• TRY IT
The answer must consist solely of the lines from the one with "Janib E Damishq" through the last line of the data, copied exactly, with no pictures.

------------------------------------------------------------

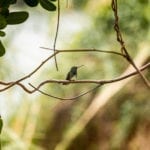 Observar aves: 7 dicas para praticar a atividade com segurança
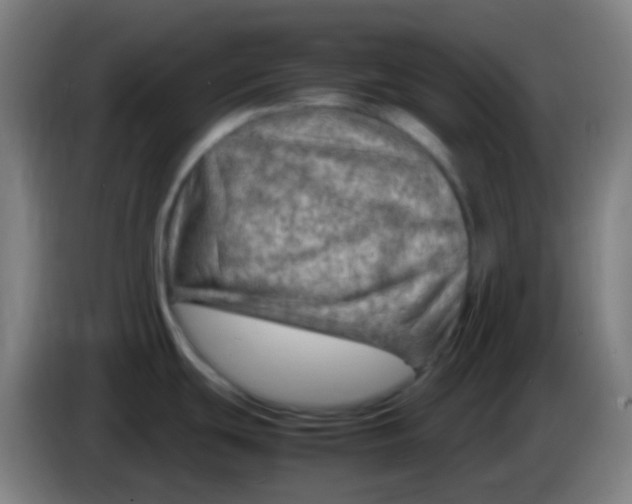 X0000085291439200703301928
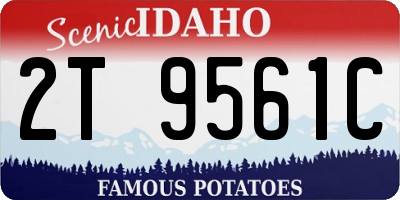 ID license plate 2T9561C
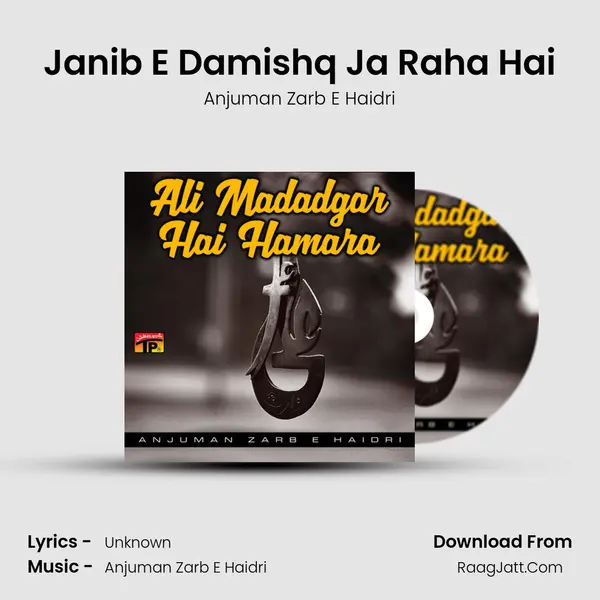 Janib E Damishq Ja Raha Hai MP3 Song by Anjuman Zarb E Haidri Cover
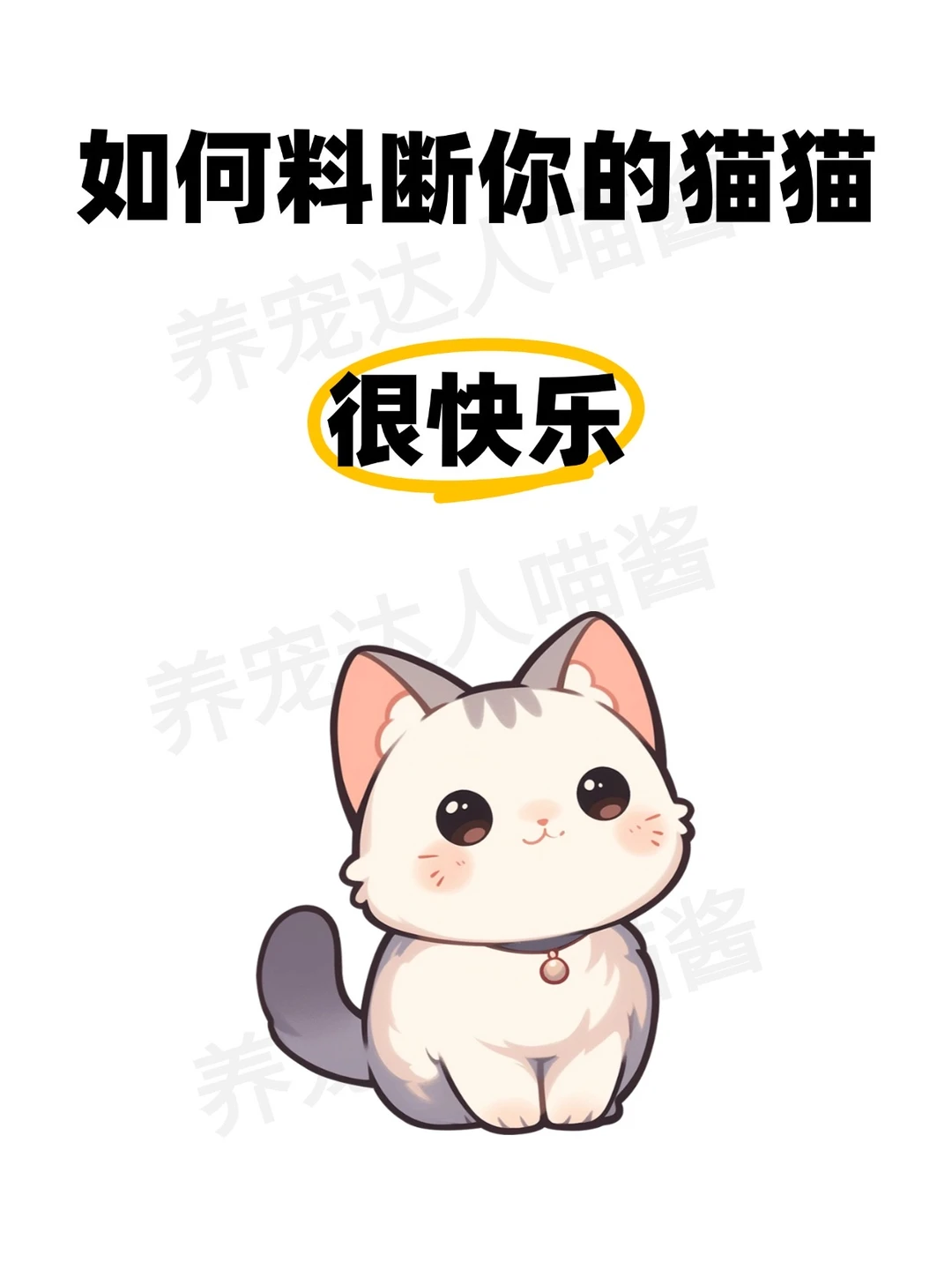 如何判断你的猫咪很快乐
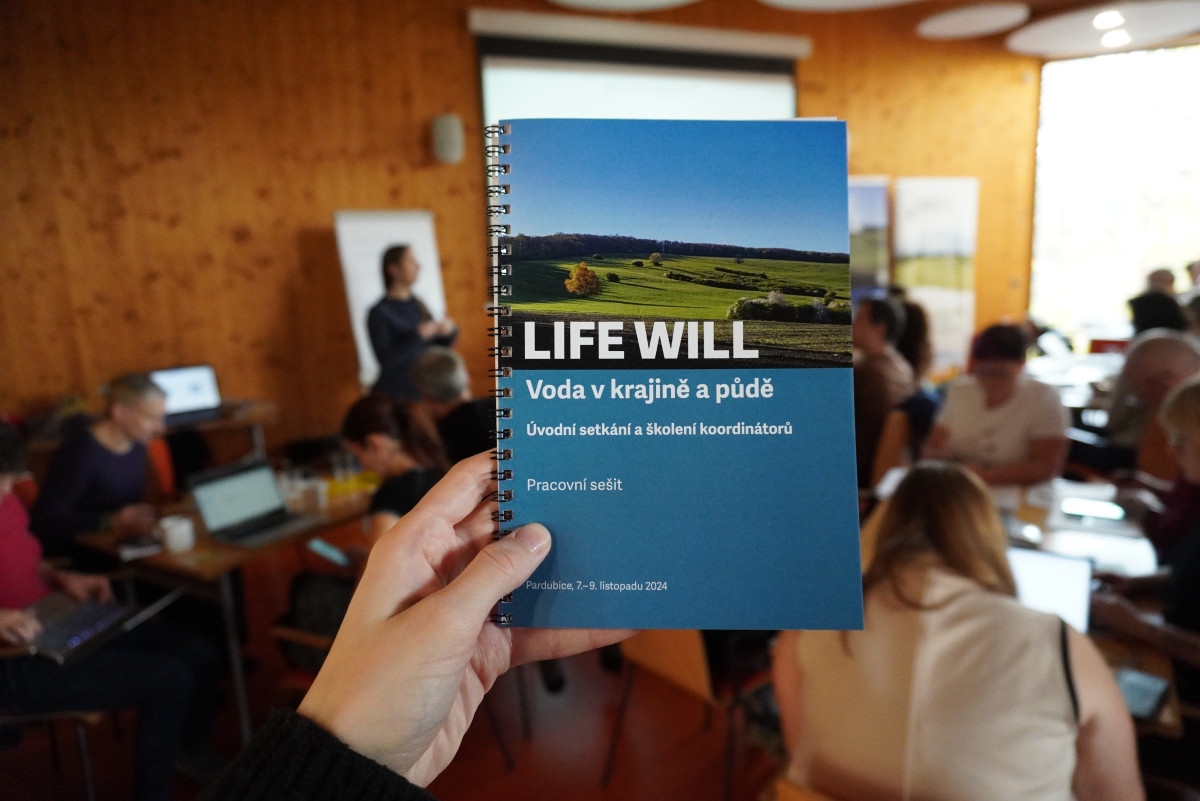 LIFE WILL: PHASE 2!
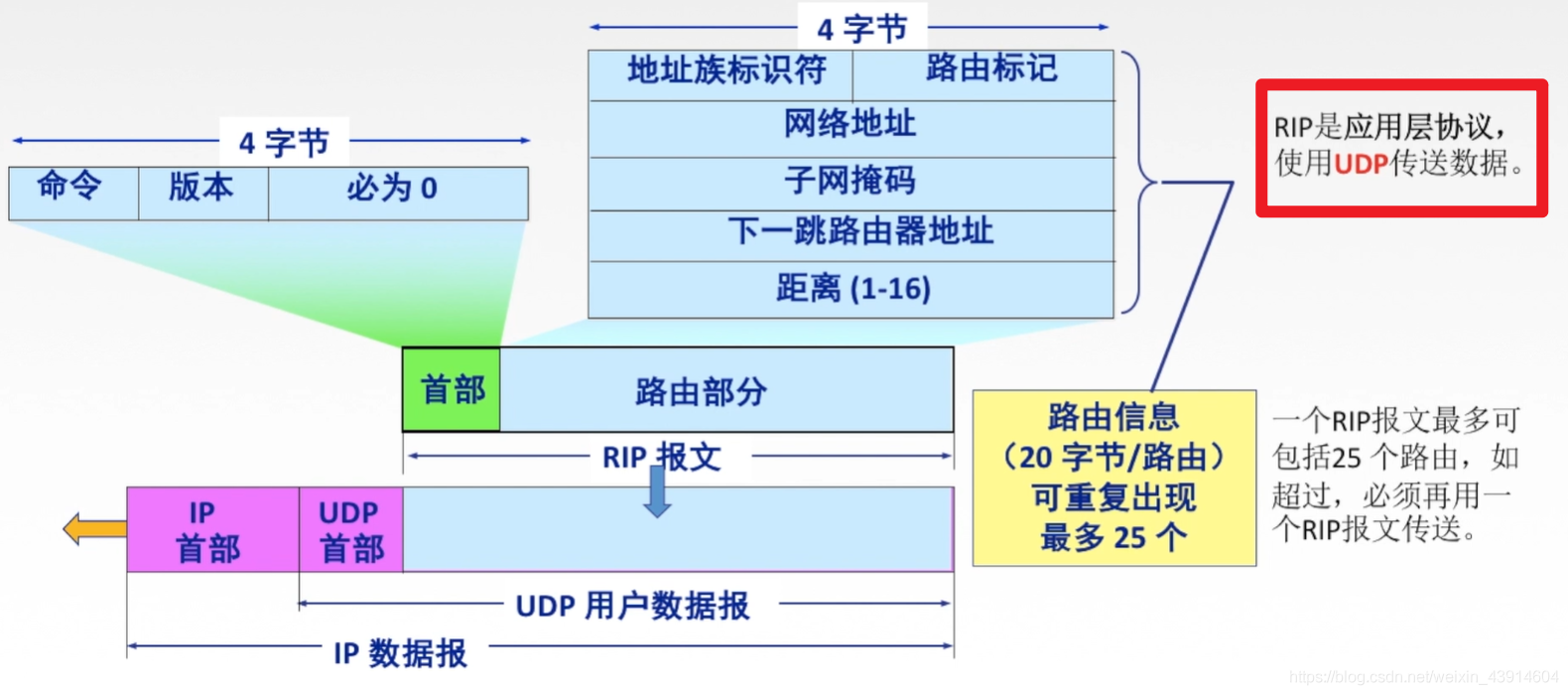 4.5 计算机网络之网络层路由选择协议（自治系统AS、RIP、OSPF、BGP） - 图7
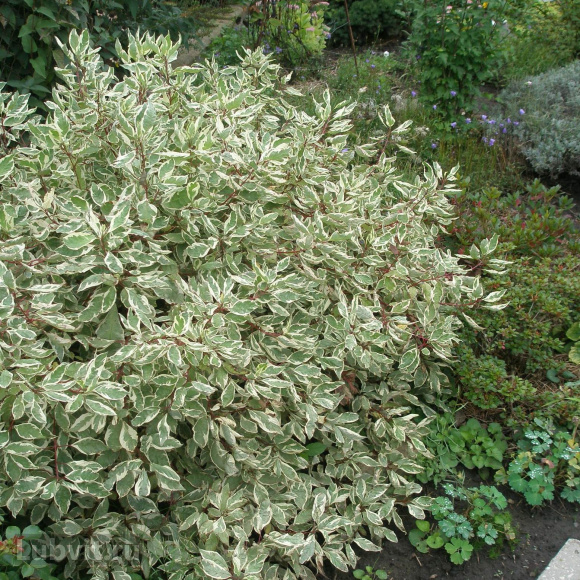 Дерен Сибирика Вариегата (SIBIRICA VARIEGATA) купить с доставкой Дерен Сибирика Вариегата (SIBIRICA VARIEGATA) купить с доставкой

------------------------------------------------------------

• RESULT OF THE EXERCISE
 Janib E Damishq Ja Raha Hai MP3 Song by Anjuman Zarb E Haidri Cover
 如何判断你的猫咪很快乐
 LIFE WILL: PHASE 2!
 4.5 计算机网络之网络层路由选择协议（自治系统AS、RIP、OSPF、BGP） - 图7
 Дерен Сибирика Вариегата (SIBIRICA VARIEGATA) купить с доставкой Дерен Сибирика Вариегата (SIBIRICA VARIEGATA) купить с доставкой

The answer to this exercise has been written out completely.